Elwood dress

ISSUE 183 - HOW TO DRAFT A LINING FOR THE ELWOOD DRESS

THE Q & A SERIES

HOW TO DRAFT A LINING FOR THE ELWOOD DRESS

Hi, 

Lining or not lining that is the question I ask myself since I bought the Elwood dress pattern. I want to make it sleeveless and I bought a wool linen with a geometric pattern.

Since I plan to wear it in the winter with tights or leggings, I think it would be more comfortable if I sewed a lining. Would you have any recommendations about how to do this?

Thank you very much. Bien amicalement,

C


Hi C,

Although our Sewing Linings project series (check it out in our Past Issue catalogue here) is over, I thought this was a great question to share with our community as we move into the more extreme seasons of the year. 

For those in the northern hemisphere like you, lining a garment is a great way to stay comfortable when using warmer fabrics like wool. For those in the southern hemisphere, you may be thinking of making a garment out of a lightweight or sheer fabric that needs a lining to give the garment a bit more weight or to make it opaque.

When it comes to drafting a lining for the Elwood dress the first thing you want to do is  remove as many of the panel lines as possible. This post covers why we remove panel lines from a pattern when creating a lining pattern. And, if you’re interested in learning more about removing panel lines, this post covers it in relation to our Acton dress and Attwood pants patterns. 

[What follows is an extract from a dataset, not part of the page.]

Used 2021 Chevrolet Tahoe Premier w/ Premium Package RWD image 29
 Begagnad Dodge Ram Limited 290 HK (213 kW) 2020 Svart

HOW TO DRAFT A LINING PATTERN FOR THE ELWOOD DRESS

Step 1
Place the SIDE FRONT PANEL [2] on the CENTRE FRONT PANEL [1], lining up the STITCH LINES as if they have been sewn together. Pin in place (this is when pins without heads are useful) or use a small piece of tape that can easily be removed.

Step 2

Place the FRONT SHOULDER PANEL [15] on the CENTRE FRONT PANEL [1] again lining up the STITCH LINES.

Step 3

Place a piece of pattern paper on top. Trace the STITCH LINES, ignoring the panel lines.

Step 4

Add seam allowance onto the pattern. The amount to use is the same as what is on the original pattern - 1cm (3/8in) on the neckline and 1.2cm (1/2in) on the other seams. The CENTRE FRONT seam no longer requires seam allowance as we are removing that seam too.

Step 5

Add notches to the CENTRE FRONT - at the top and bottom of the seam. Add a notch on the armhole where the panel line is and on the waist seam where the panel line is. The armhole notch will help you when attaching the lining to the dress and the waist notches will help you when attaching to the skirt lining.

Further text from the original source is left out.